● ACTION ITEM: The lines from the start of the listing through the line containing "Used Volvo XC90" should be printed exactly, and no other lines should be printed.

● INFORMATION SUPPLIED:

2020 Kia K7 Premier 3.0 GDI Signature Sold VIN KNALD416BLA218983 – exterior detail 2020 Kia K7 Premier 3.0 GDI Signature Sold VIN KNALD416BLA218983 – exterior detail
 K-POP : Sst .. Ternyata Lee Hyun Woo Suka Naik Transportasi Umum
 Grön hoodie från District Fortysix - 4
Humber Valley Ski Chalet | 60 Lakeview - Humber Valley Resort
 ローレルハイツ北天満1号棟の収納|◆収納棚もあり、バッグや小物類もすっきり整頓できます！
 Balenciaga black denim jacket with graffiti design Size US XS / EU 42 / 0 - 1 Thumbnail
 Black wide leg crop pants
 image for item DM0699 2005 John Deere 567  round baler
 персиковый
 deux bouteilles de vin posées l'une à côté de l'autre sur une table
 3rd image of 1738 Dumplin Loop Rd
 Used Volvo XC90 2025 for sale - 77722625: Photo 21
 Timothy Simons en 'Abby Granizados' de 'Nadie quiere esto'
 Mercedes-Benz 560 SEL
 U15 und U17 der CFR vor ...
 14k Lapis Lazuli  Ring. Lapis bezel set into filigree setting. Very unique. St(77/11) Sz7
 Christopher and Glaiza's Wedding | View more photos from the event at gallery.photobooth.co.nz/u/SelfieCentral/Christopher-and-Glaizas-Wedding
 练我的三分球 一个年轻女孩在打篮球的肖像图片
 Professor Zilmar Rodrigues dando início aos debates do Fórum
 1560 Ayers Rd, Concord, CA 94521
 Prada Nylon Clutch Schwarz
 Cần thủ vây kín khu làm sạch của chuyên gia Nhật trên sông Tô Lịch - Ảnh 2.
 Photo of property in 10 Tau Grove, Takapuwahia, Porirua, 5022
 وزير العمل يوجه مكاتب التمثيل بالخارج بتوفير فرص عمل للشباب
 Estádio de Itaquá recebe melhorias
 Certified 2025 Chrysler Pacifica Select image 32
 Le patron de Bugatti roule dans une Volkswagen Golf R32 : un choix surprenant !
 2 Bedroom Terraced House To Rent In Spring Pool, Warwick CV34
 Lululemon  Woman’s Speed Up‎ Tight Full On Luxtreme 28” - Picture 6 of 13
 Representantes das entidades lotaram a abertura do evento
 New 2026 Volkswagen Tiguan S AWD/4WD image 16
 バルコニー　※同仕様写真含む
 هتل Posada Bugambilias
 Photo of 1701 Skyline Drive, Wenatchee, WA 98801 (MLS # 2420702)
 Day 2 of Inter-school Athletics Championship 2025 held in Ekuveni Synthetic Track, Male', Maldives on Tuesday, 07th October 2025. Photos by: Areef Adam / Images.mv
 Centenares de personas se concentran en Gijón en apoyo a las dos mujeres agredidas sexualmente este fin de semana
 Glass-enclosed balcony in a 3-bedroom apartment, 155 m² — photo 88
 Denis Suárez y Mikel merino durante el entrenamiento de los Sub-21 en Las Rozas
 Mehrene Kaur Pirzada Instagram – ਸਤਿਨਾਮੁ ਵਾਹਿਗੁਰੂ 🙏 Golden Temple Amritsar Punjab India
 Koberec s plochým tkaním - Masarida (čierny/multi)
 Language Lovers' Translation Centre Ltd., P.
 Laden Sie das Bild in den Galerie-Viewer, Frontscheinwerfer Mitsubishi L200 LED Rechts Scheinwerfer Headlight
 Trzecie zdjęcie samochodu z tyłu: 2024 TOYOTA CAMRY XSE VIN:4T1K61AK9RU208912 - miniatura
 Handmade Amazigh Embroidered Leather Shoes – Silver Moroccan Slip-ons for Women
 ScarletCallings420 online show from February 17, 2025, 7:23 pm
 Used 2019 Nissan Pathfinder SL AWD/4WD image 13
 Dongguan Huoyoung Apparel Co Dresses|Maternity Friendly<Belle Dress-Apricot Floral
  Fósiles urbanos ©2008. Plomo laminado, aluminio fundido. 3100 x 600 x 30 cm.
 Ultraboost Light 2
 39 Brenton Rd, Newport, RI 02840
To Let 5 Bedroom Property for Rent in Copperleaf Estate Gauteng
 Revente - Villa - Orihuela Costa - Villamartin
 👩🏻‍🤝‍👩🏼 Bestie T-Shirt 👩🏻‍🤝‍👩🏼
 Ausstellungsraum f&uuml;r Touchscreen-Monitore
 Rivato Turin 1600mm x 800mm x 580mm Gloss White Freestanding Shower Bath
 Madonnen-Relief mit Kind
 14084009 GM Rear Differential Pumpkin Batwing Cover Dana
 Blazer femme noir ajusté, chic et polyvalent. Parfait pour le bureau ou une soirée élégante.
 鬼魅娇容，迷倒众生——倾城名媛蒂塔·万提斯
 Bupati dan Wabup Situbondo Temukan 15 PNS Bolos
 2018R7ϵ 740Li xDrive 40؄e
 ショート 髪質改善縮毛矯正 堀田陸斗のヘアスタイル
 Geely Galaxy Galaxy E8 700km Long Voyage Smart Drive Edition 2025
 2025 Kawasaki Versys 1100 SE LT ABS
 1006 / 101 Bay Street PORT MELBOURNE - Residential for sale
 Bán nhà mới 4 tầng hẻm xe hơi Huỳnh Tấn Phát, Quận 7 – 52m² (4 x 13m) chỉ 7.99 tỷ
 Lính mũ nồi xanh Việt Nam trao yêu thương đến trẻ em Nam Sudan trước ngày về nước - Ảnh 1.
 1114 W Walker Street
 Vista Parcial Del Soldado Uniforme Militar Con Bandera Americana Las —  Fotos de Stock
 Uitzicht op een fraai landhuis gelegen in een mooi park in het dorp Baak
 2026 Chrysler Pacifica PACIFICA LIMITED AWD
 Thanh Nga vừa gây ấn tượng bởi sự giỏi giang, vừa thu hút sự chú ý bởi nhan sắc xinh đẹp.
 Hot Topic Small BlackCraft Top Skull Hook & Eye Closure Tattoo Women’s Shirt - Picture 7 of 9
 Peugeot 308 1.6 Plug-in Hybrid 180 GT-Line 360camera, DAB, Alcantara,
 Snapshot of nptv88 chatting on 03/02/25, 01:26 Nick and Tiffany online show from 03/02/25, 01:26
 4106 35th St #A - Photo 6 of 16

● FINISHED EXERCISE:
2020 Kia K7 Premier 3.0 GDI Signature Sold VIN KNALD416BLA218983 – exterior detail 2020 Kia K7 Premier 3.0 GDI Signature Sold VIN KNALD416BLA218983 – exterior detail
 K-POP : Sst .. Ternyata Lee Hyun Woo Suka Naik Transportasi Umum
 Grön hoodie från District Fortysix - 4
Humber Valley Ski Chalet | 60 Lakeview - Humber Valley Resort
 ローレルハイツ北天満1号棟の収納|◆収納棚もあり、バッグや小物類もすっきり整頓できます！
 Balenciaga black denim jacket with graffiti design Size US XS / EU 42 / 0 - 1 Thumbnail
 Black wide leg crop pants
 image for item DM0699 2005 John Deere 567  round baler
 персиковый
 deux bouteilles de vin posées l'une à côté de l'autre sur une table
 3rd image of 1738 Dumplin Loop Rd
 Used Volvo XC90 2025 for sale - 77722625: Photo 21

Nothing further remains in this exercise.